-- DATASET RECORDS follows --

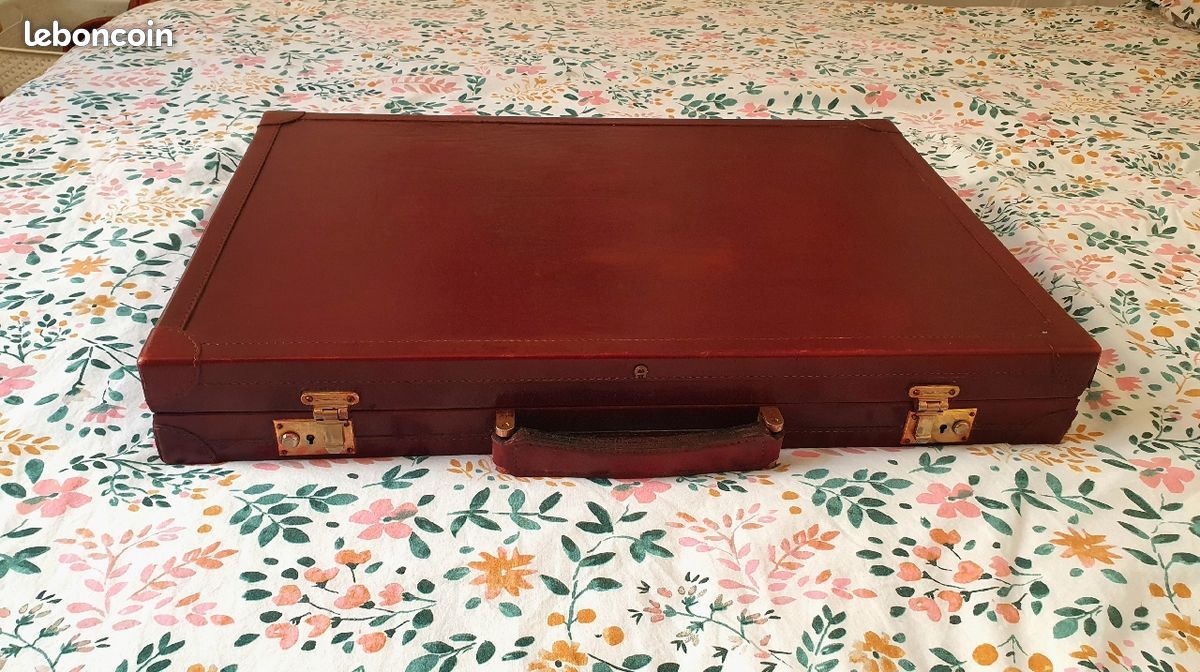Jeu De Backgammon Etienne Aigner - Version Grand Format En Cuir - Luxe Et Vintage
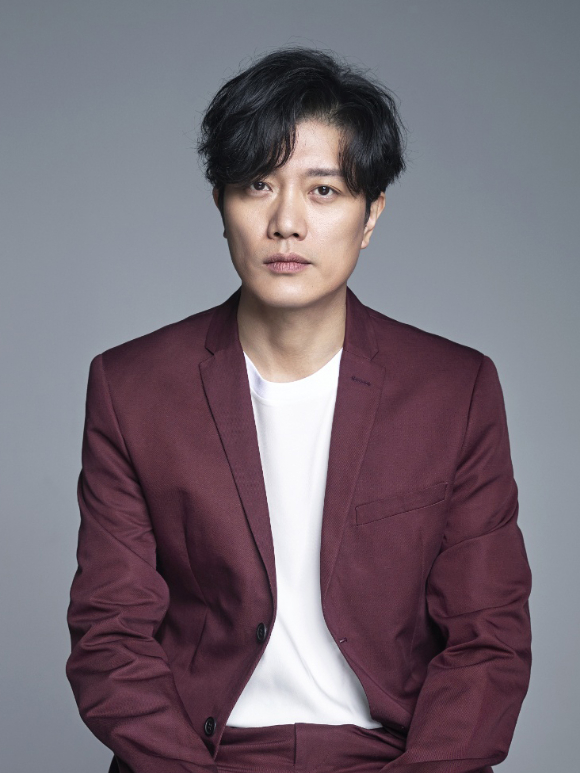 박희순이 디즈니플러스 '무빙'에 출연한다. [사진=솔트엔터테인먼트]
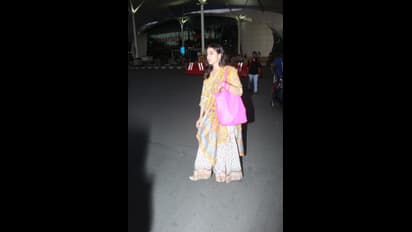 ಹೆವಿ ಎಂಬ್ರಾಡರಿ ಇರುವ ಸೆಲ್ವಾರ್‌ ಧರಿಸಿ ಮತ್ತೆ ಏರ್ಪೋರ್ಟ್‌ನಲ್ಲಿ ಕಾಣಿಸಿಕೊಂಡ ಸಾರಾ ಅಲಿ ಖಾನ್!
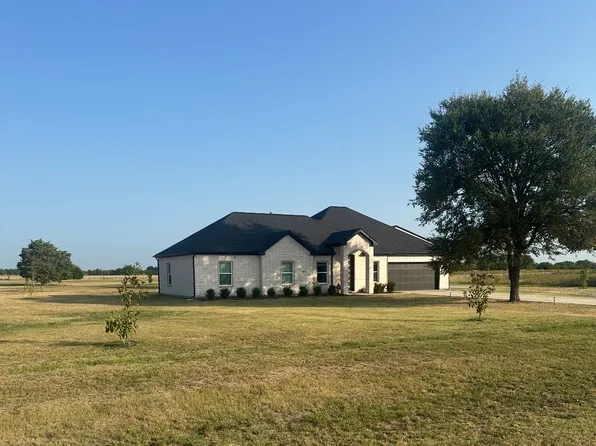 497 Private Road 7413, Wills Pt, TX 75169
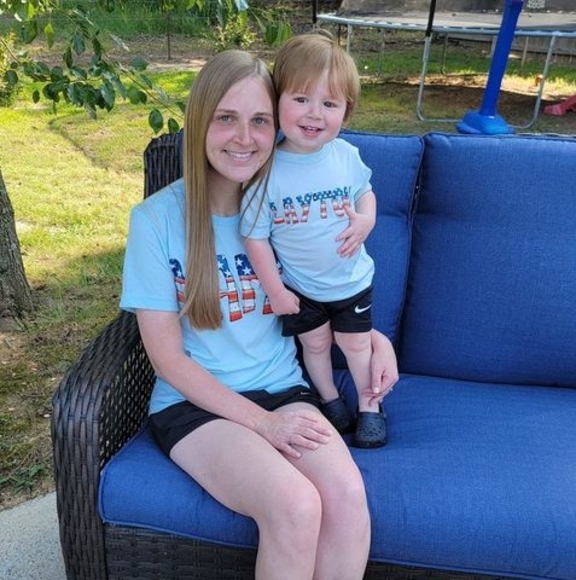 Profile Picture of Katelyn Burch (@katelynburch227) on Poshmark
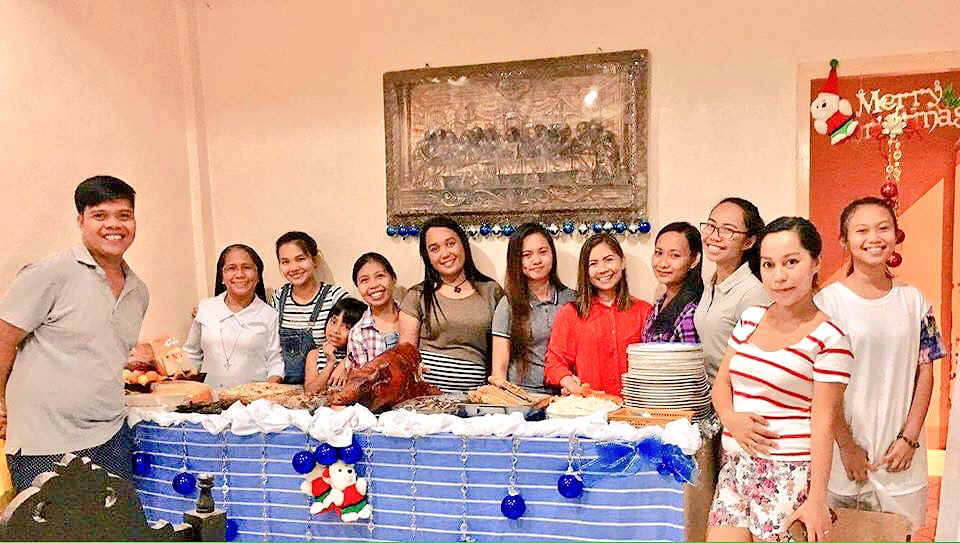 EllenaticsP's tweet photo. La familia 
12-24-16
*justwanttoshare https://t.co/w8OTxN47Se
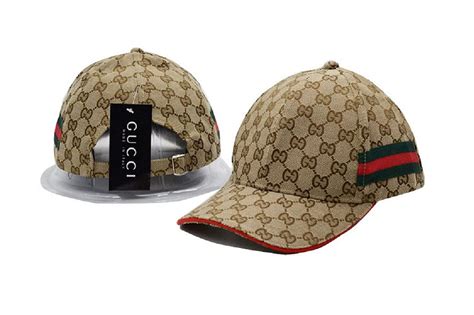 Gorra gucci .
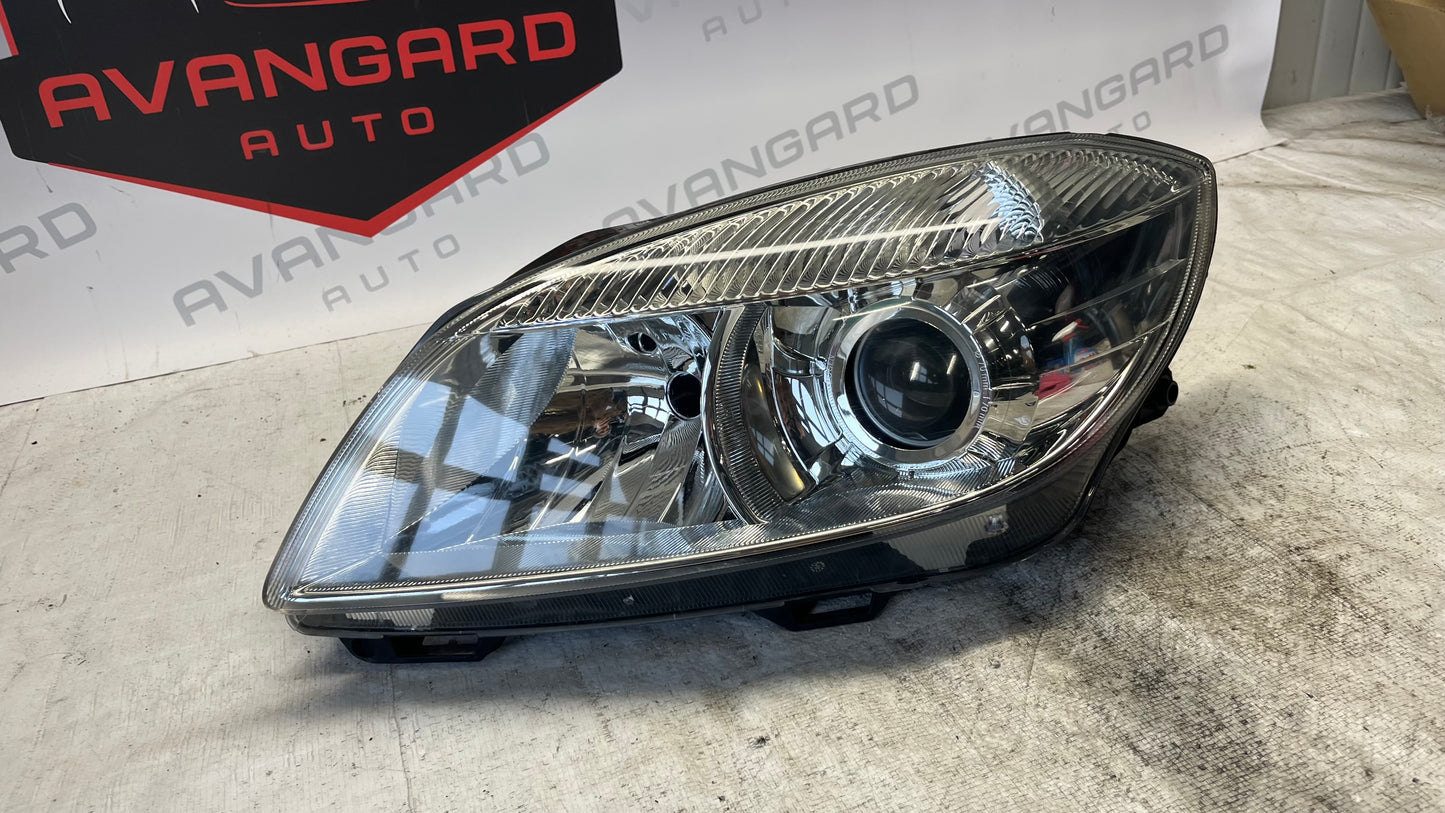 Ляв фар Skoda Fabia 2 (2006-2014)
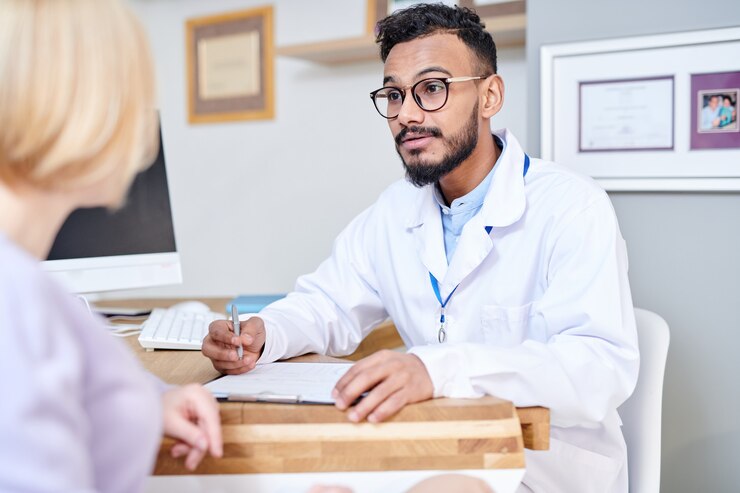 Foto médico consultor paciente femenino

-- DATASET RECORDS concluded --

> **WORK ITEM**:
Go to the line with "497 Private Road 7413, Wills Pt, TX 75169" in the entries above. Reproduce that line and each one after it to the end, exactly and without the pictures.

> **EXERCISE RESPONSE**:
 497 Private Road 7413, Wills Pt, TX 75169
 Profile Picture of Katelyn Burch (@katelynburch227) on Poshmark
 EllenaticsP's tweet photo. La familia 
12-24-16
*justwanttoshare https://t.co/w8OTxN47Se
 Gorra gucci .
 Ляв фар Skoda Fabia 2 (2006-2014)
 Foto médico consultor paciente femenino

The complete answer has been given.